**ACTIVITY:**
For the material below, the expected output is exactly the lines between the line holding "Sometimes you'll hear" and the line holding "The fifth is", inclusive, with pictures left out.

**RECORDS TO USE:**
++++++++

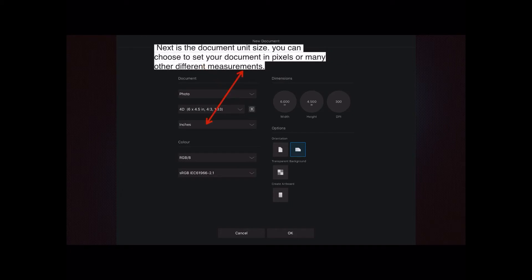Next is the document unit size. You can choose to set your document in pixels or many other different measurements. And here you can see I have inches. It's a photo, and most photos come in inches in size.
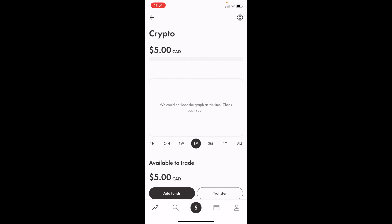In this Wealthsimple tutorial video, I'm going to show you how to limit buy Bitcoin ticker symbol BTC in Canada using the Wealthsimple mobile application. Once you have Wealthsimple open on your device, you have to open up a cryptocurrency trading account. Once that is opened up...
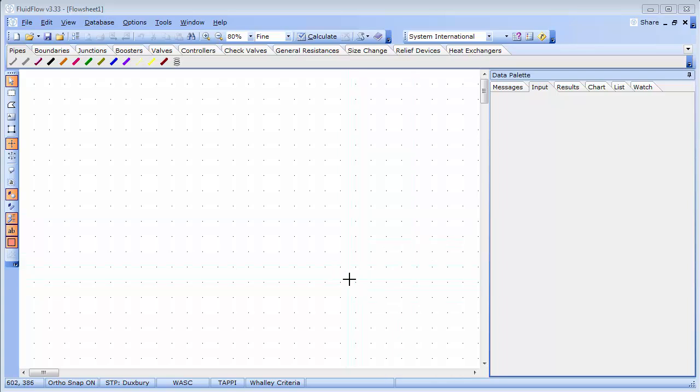The Fluidflow user interface is straightforward and has been developed based on continuous feedback from customers over many years. We simply create our models on the flow sheet using the elements which are available to us from the component palette.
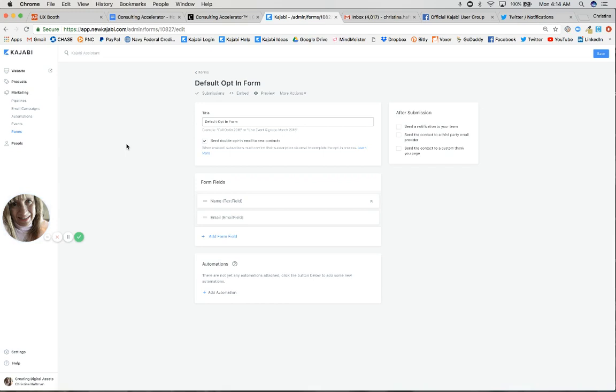This is the default one, and right here is what we call the double opt-in. What this means is it's optional, so you can select it or deselect it. But I highly recommend selecting it because what it does is...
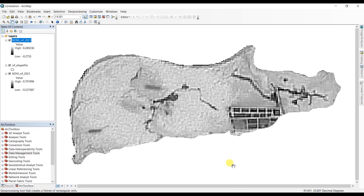Assalamualaikum, I am Kajal Muktadir Abir and welcome to my another tutorial. Today in this tutorial I'm going to show you how you can show your correlation with two rasters in ArcGIS.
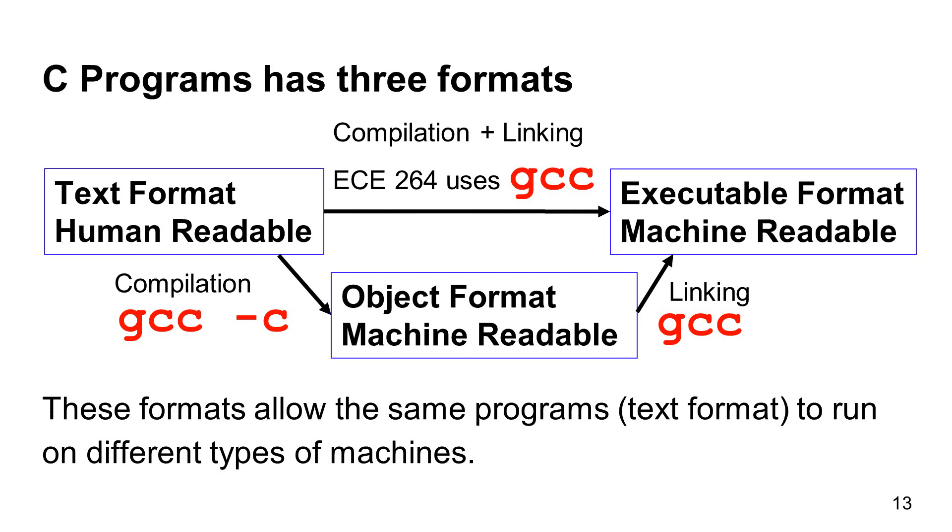The same programs can run on these machines after the text formats are compiled and linked. Obviously, different types of machines need different compilers and linkers.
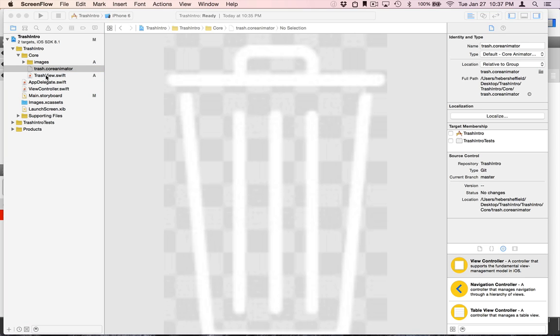Now that the TrashView class has been added to our Xcode project, we can use it just like we use any other class. You can programmatically instantiate it or add a custom view to a storyboard or nib. Working with the CoreAnimator view in Interface Builder is especially cool because the generated class is marked as IB designable and can be previewed at design time.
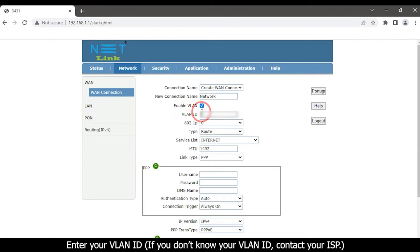If you do not know your VLAN ID, contact your Internet Service Provider.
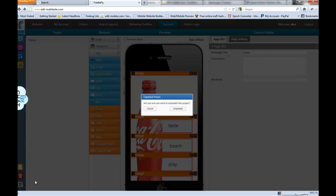This is great when you're showing customers a site in our Build It, Share It, Sell It model and the customer says I need a couple weeks to make my decision. You can unpublish it so you don't have to pay for hosting and when they're ready to make their decision you can republish it.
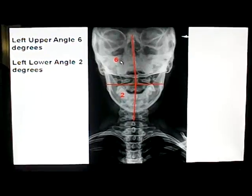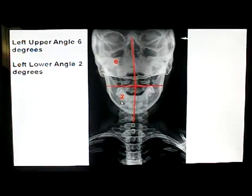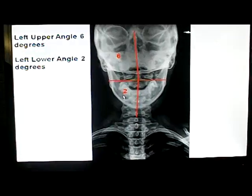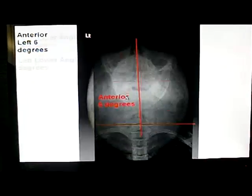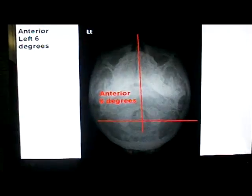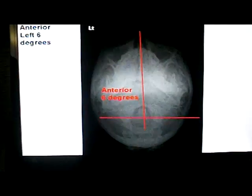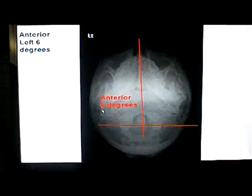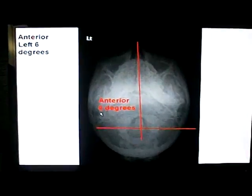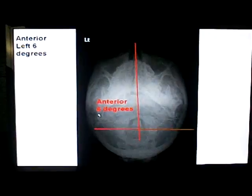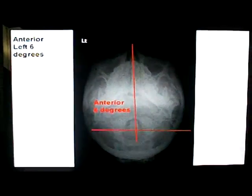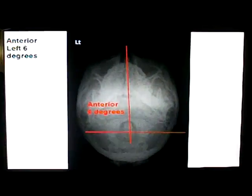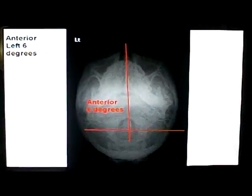So we see there's a left upper angle of 2 degrees, left lower angle — or left upper angle 6 degrees, left lower angle 2 degrees. Most commonly, we also measure the rotation. Here we've got anti-rotational of 6 degrees. This gives us a pretty good idea of the radiographic manifestation of the vertebral subluxation complex.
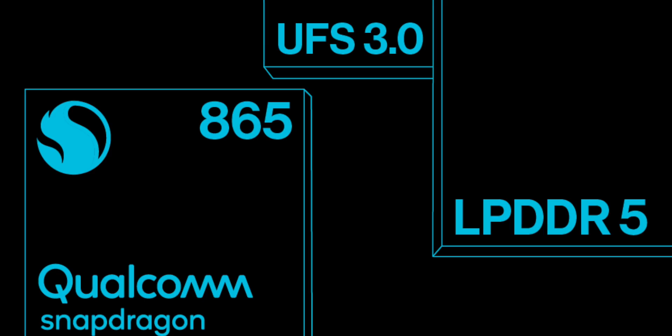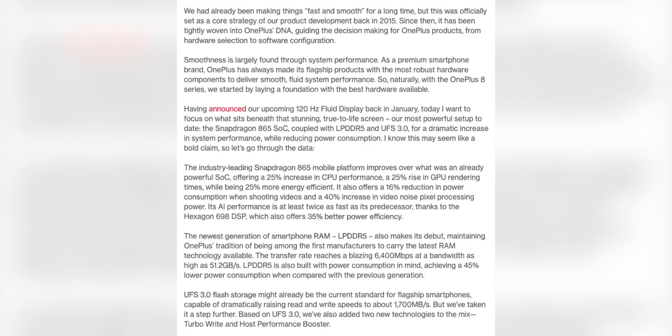Let's talk about basic specifications. OnePlus 8 and OnePlus 8 Pro will both have the Snapdragon 865 and 5G support. There will be two variants: 8GB/128GB and 12GB/256GB. The OnePlus 8 will have LPDDR4X RAM, while the OnePlus 8 Pro will have LPDDR5 RAM.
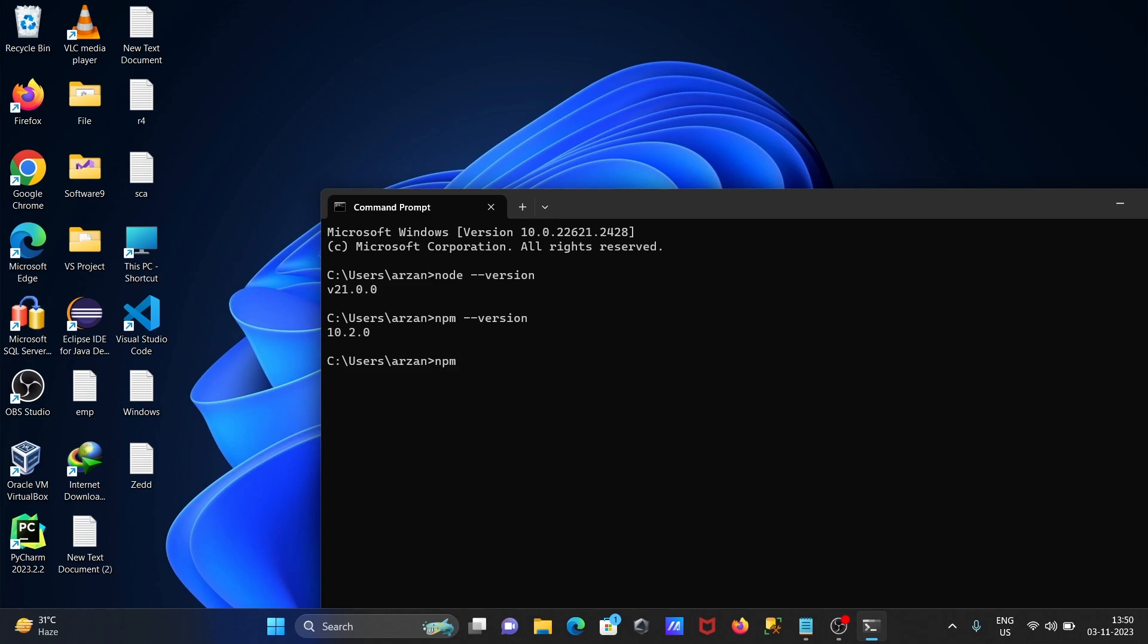The command is npm, then install -g, after that npm once again @latest. Press enter.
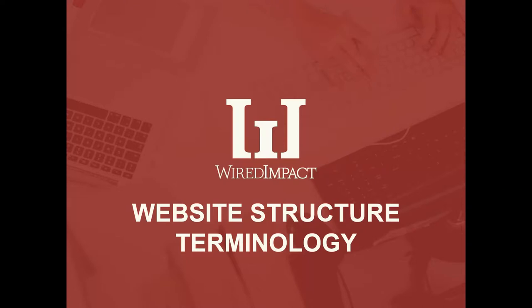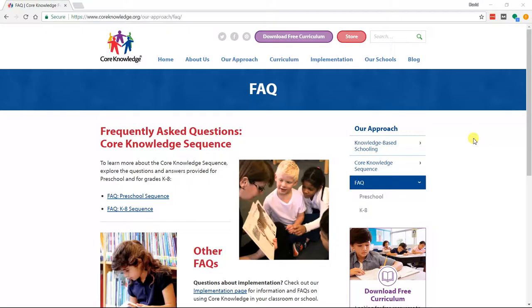Sometimes you'll hear website structure also called a website sitemap, or just a sitemap. Those terms are largely used interchangeably to refer to the organization of the pages throughout your website. With that, we'll actually dive in and look at an example website and talk a little bit more about structure.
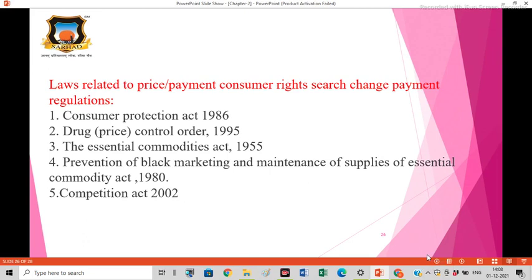The fifth is the Competition Act 2002. It replaced the Monopolies and Restrictive Trade Practices Act 1969. The main objectives of the Competition Act 2002 are to provide the framework for the establishment of the Competition Commission, to prevent monopolies and to promote competition in the market, to protect the freedom of trade, and to protect the interest of the consumer.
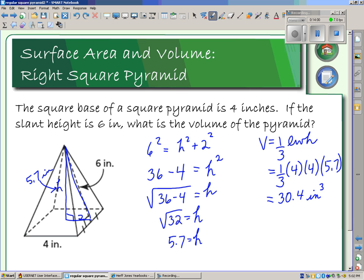So we've covered surface area and volume of a square pyramid. For surface area, slant height is needed — if given directly it's straightforward; if only perpendicular height is given, use the Pythagorean theorem to find slant height. For volume, perpendicular height is needed — if only slant height is given, it's the hypotenuse, so use the Pythagorean theorem to find perpendicular height.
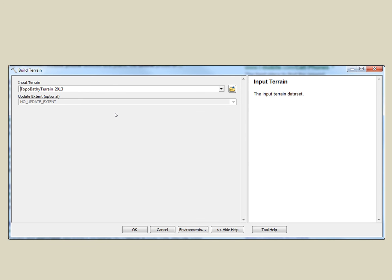Because we just made changes to the terrain features, we need to build the terrain again. Building a terrain can take a long time if your terrain is large. In some cases, building the terrain for Rhode Island took two days on a very fast computer.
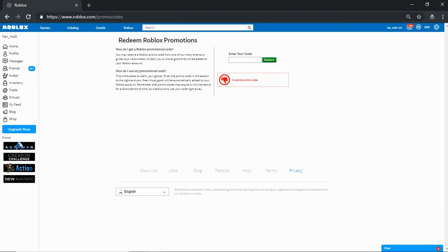The code is 'king of this season.' I'm pretty sure it's for the Aquaman event, but I don't know if it's gonna give me Aquaman stuff.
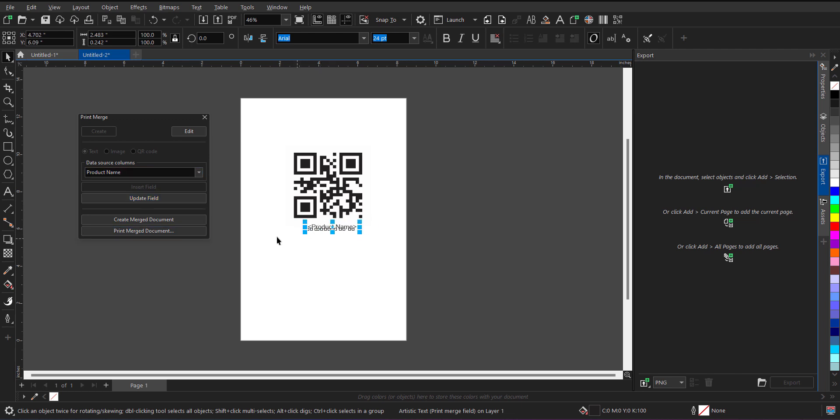And now after inserting the product name, I have to just click on the create merge document. When I click on this option, automatically as per the number of rows, it will generate the QR code. Let me just click and show it to you.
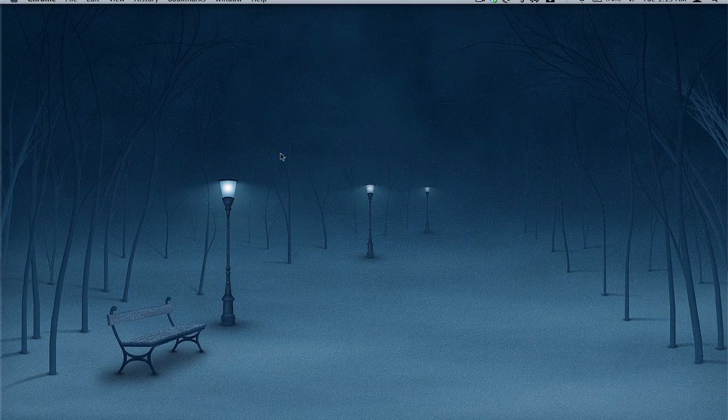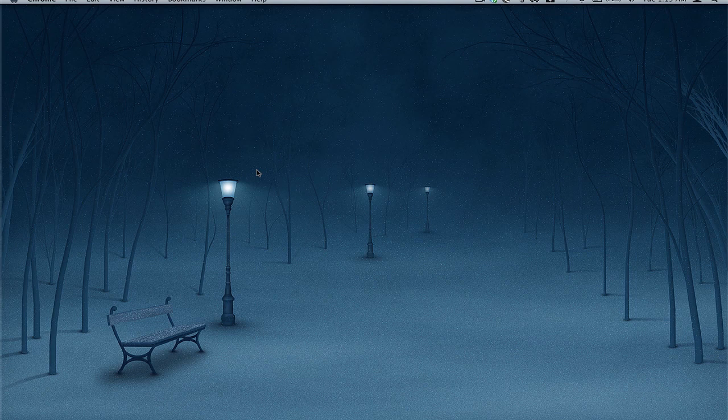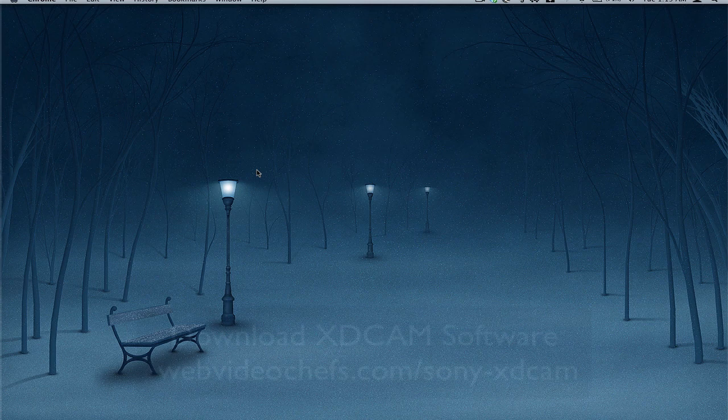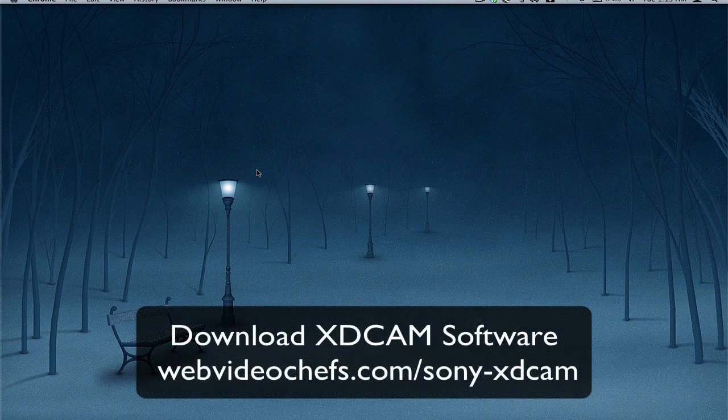Hello, this is Chip with WebVideoChefs.com. Let's talk about Sony XDCAM. The first nonlinear editing system I want to show you, my workflow is for Final Cut Pro.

++++++++

**EXPECTED ANSWER:**
Sometimes you'll hear website structure also called a website sitemap, or just a sitemap. Those terms are largely used interchangeably to refer to the organization of the pages throughout your website. With that, we'll actually dive in and look at an example website and talk a little bit more about structure.
The fifth is the Competition Act 2002. It replaced the Monopolies and Restrictive Trade Practices Act 1969. The main objectives of the Competition Act 2002 are to provide the framework for the establishment of the Competition Commission, to prevent monopolies and to promote competition in the market, to protect the freedom of trade, and to protect the interest of the consumer.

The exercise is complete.